Questo
non è un blog, iniziamo con una fondamentale precisazione. Questo è un “non
luogo”, un “placez pas”, in cui i fatti di vita quotidiana, le “cronache”
appunto, vengono raccontati, ripercorsi, rivisti da un’altra prospettiva. Ma
soprattutto questo è il “non luogo” in cui dare forma a quello che ognuno di
noi pensa, che inconsapevolmente e istintivamente ci passa per la testa nel
momento in cui quel tizio in macchina è passato in una pozzanghera a tutta
velocità e ci ha completamente infradiciato, o quando la nuova fidanzata del
vostro migliore amico si rivolge a voi in modo irritante, suscitando una
reazione alla Ally McBeal, avete presente?
Questo,
per me, vuole essere anche il “non luogo” fatto di giornate di inizi primavera, quelle in cui
l'aria è ancora troppo fredda per prendere la bicicletta e andare in riva al
lago; di sguardi intensi e di strette di mani energiche; fatto di e
(soprattutto) dalle persone che non hanno paura di dire quello che pensano o
che non si vergognano di uscire di casa con un cappello nuovo pensando a quello
che potrebbero dire gli altri.

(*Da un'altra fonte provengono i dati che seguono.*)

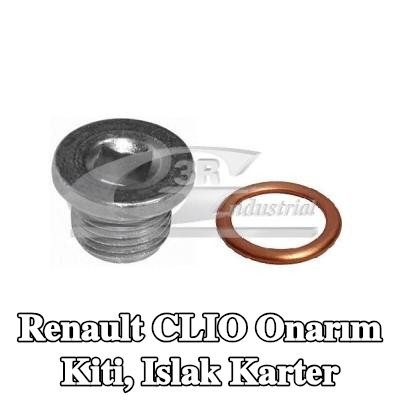 3RG Onarım Kiti, ıslak karter — Renault Clio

Fatto da chi ha qualcosa da dire e ha voglia di
ascoltare, non soltanto di “sentire”; di sentire il sole caldo sulla pelle,
l'acqua fredda del mare di aprile, il calore del piumone quando fuori nevica,
l'abbraccio di un'amica quando hai il cuore a pezzi, la voce della mamma al
telefono quando sei dall'altra parte del mondo. Dedicato a chi è capace di piangere
fino a non poterne più, ridere fino a mancare il fiato; ballare con le luci
spente e cantare in macchina “Summer of 69” senza sapere le parole; urlare fino
a non avere voce e tacere, per ritrovarsi nei propri silenzi; correre fino a
non sentire più le gambe e amare in modo incondizionatamente vero. Dedicato a
tutti coloro che amano leggere fino a tardi, viaggiare, conoscere, condividere,
amare, gioire, lavorare tanto e impegnarsi per raggiungere i propri obiettivi e
preservare i propri successi. Vivere intensamente.
Perché
“Cronache di un cappello”? Il cappello innanzitutto è tradizione, che ci
portiamo dietro dalle origini più
lontane in Egitto, in Grecia, in Asia fino all’epoca più moderna quando in
Europa si diffonde la moda del cappello elegante, a partire dalla Francia e
dall’Inghilterra per arrivare alla grande produzione italiana dell’Ottocento e
del Novecento. Presente in tutte le civiltà è un simbolo dalle molte valenze,
culturali, sociali, individuali; influenza i codici comunicativi, rappresenta
visioni del mondo, è metafora della creatività che si sprigiona dalla sede del
pensiero sulla quale sta appoggiato.
Esiste
un cappello per ogni tipo di testa, ed esistono teste per diversi tipi di
cappelli. Il cappello è un soffio di magia: cela il capo e ne prende forma, ma
ne trascende e si comporta come se “parlasse una lingua propria”.
Il
cappello è il “non luogo” per eccellenza in questo caso, che detta in modo
inderogabile le regole per indossarlo e
che, se applicate alla nostra quotidianità, sanno dare le direttive per
cogliere tutti gli aspetti della vita, tutte le sfumature che ci fanno sentire
vivi da vivi.
i. Osa. Se un
cappello ti piace, indossalo.
ii. Da capo a
piedi? Se focalizzi l'attenzione sulla testa, i piedi potranno essere piuttosto
anonimi.
iii. Non
indossare cappelli tutti i giorni. L'effetto sarà maggiore.
iv. La qualità
dei cappelli deve essere alta e raffinata.
v. Non togliere
il cappello quando sei al chiuso, fa parte del tuo look.
vi. Se ti senti
osservata o al centro dell’attenzione: sorridi!